In every market touched by the Internet, traditional business models have had to adapt or die. Especially where sellers had been able to make big markups based on information asymmetry and control of local distribution. They were astounded when Internet-savvy consumers came in with their own data on quality, costs and prices. And they agonized when new online competitors from faraway places emerged to challenge their local market dominance.
Market middlemen who cling to old ways are headed for the dustbin of business history. Just consider a few examples:
- Online travel sites lifted the curtain on the mysterious world of booking airline seats and hotel rooms. Travel agents who add real value for customers are soaring, but those who just book flights have crashed and burned.
- Optometrists used to make big bucks marking-up contact lenses to their patients. But those markups disappeared in the blink of an eye once consumers could buy their lenses online.
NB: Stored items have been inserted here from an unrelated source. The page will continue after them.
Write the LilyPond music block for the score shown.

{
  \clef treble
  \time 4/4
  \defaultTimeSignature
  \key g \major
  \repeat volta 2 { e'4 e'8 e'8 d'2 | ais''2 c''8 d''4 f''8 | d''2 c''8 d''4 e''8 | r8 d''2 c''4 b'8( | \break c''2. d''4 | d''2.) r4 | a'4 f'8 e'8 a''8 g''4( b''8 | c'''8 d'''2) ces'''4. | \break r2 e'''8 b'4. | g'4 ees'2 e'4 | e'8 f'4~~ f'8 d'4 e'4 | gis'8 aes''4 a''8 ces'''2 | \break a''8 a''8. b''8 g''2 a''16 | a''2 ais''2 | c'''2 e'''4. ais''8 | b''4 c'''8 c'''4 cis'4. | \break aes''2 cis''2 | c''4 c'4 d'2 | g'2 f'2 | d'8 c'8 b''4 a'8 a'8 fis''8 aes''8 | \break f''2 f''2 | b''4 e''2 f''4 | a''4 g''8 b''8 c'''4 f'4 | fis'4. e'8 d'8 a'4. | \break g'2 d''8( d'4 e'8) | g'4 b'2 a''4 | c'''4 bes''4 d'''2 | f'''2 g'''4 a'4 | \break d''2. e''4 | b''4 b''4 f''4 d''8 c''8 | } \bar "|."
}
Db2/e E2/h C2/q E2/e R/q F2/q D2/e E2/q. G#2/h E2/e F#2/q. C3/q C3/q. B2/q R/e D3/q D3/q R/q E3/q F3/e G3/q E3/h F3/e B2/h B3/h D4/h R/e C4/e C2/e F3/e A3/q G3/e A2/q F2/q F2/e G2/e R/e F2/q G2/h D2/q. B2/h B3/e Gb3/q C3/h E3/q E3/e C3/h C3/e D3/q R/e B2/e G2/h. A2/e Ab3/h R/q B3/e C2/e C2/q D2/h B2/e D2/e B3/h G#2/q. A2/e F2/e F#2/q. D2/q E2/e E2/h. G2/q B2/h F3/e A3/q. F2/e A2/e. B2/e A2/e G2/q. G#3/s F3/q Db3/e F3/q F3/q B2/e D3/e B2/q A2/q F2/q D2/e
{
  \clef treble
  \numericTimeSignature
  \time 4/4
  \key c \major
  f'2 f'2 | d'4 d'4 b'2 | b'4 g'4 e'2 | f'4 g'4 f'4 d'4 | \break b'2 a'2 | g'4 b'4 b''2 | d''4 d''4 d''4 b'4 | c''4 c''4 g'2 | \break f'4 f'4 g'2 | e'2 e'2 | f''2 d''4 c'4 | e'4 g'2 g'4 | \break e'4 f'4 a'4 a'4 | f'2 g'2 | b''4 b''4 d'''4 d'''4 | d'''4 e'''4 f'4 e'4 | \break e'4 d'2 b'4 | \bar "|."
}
Optometrists who saw this coming focused on their services and helped patients find the best deals on lenses.
- Ticket brokers who believe they alone should control secondary markets for sports and concert seats are finding themselves on sidelines as ticket holders turn to the Internet to sell seats they can’t use.
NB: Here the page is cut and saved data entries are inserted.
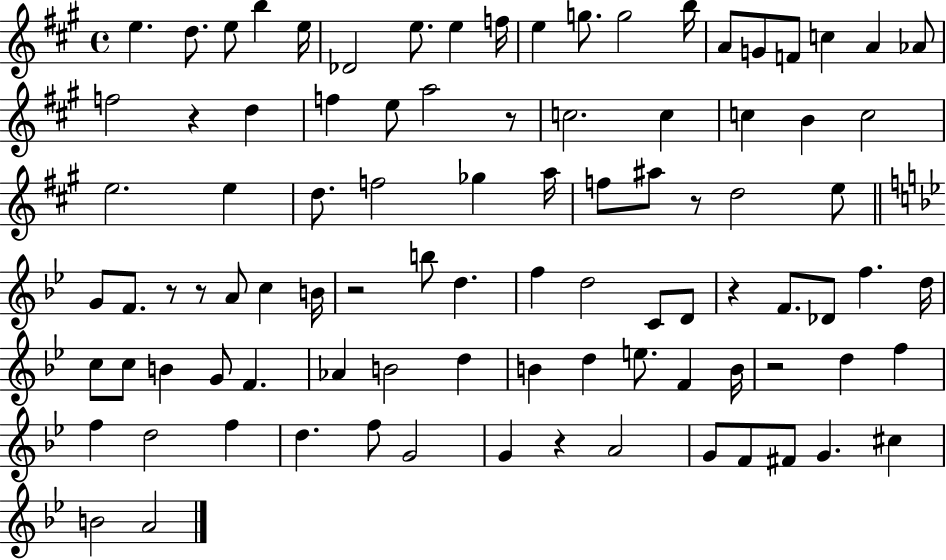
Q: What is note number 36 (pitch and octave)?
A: F5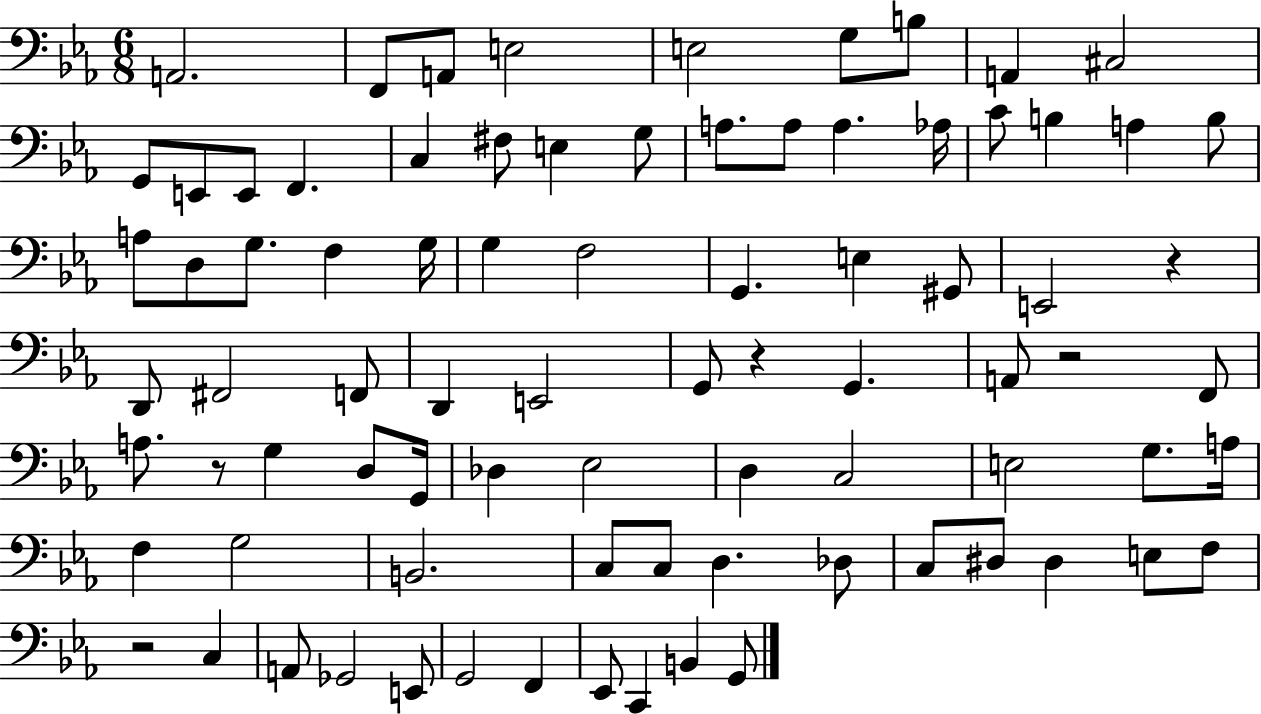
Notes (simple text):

A2/h. F2/e A2/e E3/h E3/h G3/e B3/e A2/q C#3/h G2/e E2/e E2/e F2/q. C3/q F#3/e E3/q G3/e A3/e. A3/e A3/q. Ab3/s C4/e B3/q A3/q B3/e A3/e D3/e G3/e. F3/q G3/s G3/q F3/h G2/q. E3/q G#2/e E2/h R/q D2/e F#2/h F2/e D2/q E2/h G2/e R/q G2/q. A2/e R/h F2/e A3/e. R/e G3/q D3/e G2/s Db3/q Eb3/h D3/q C3/h E3/h G3/e. A3/s F3/q G3/h B2/h. C3/e C3/e D3/q. Db3/e C3/e D#3/e D#3/q E3/e F3/e R/h C3/q A2/e Gb2/h E2/e G2/h F2/q Eb2/e C2/q B2/q G2/e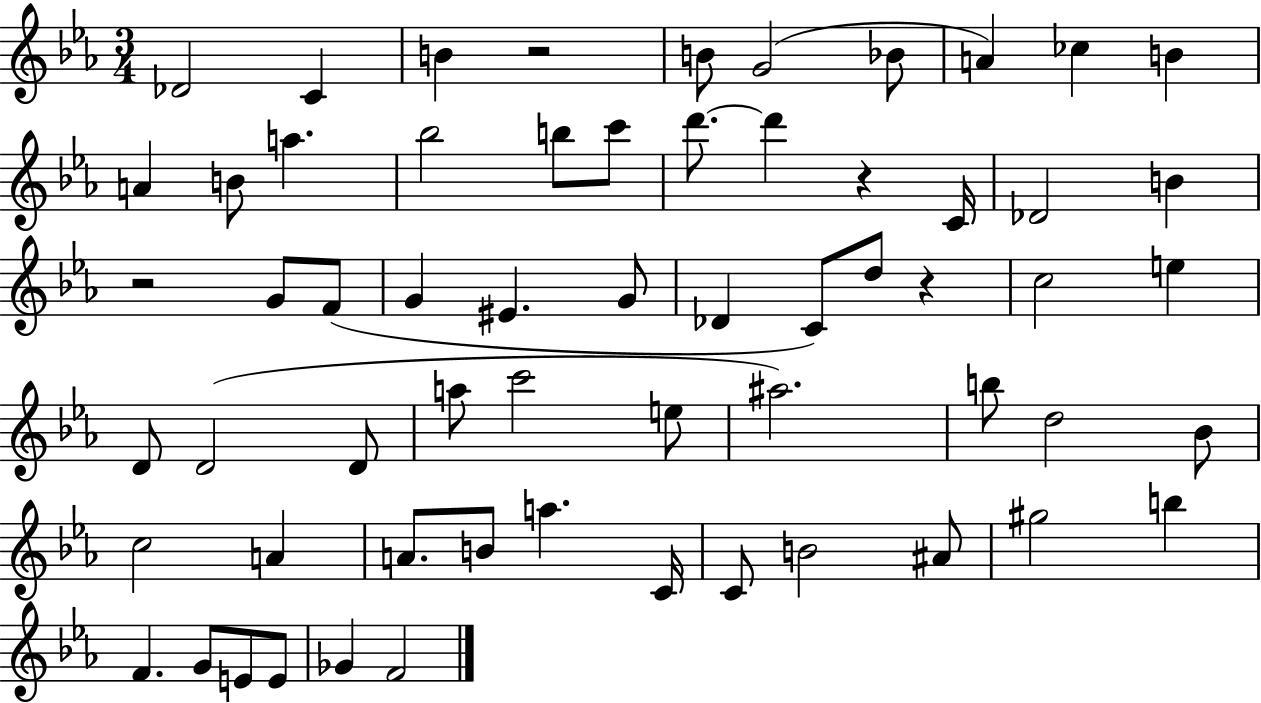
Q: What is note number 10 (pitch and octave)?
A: A4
- Real estate agents are finding fewer homeowners are still willing to pay a $30,000 commission to sell a $500,000 home, especially when Internet-savvy buyers do most of their own legwork using online real estate sites.
Now, the Internet is happening to auto dealers too.
As we emerge from this long, awful recession, there’s a lot of pent-up demand for new cars. America’s car industry sold nearly 13 million vehicles last year, up 10 percent over 2010. The number of auto dealers actually rose in the first half of 2011 — for the first time in many years.
70 percent of consumers use the Internet to help them buy a car.
But are more dealers really what’s going to help American consumers buy more cars? According to a 2011 study, 70 percent of consumers use the Internet to help them buy a car. Websites like Kbb.com and Edmunds.com provide loads of data on car costs, retail prices, quality, and features.
Some dealers are catering to Internet buyers, by posting their own websites, buying qualified leads from lenders like Capital One, or providing guaranteed discounts through websites like TrueCar.com.
But a lot of car salesmen hate dealing with informed buyers and competing based on price. They want to stick with the old ways, where consumers were in the dark as they entered the dealer showroom. You know the drill — a salesman begins the price negotiation with manufacturer’s suggested retail price, and ends with the buyer wondering whether he paid anything close to a market-based price.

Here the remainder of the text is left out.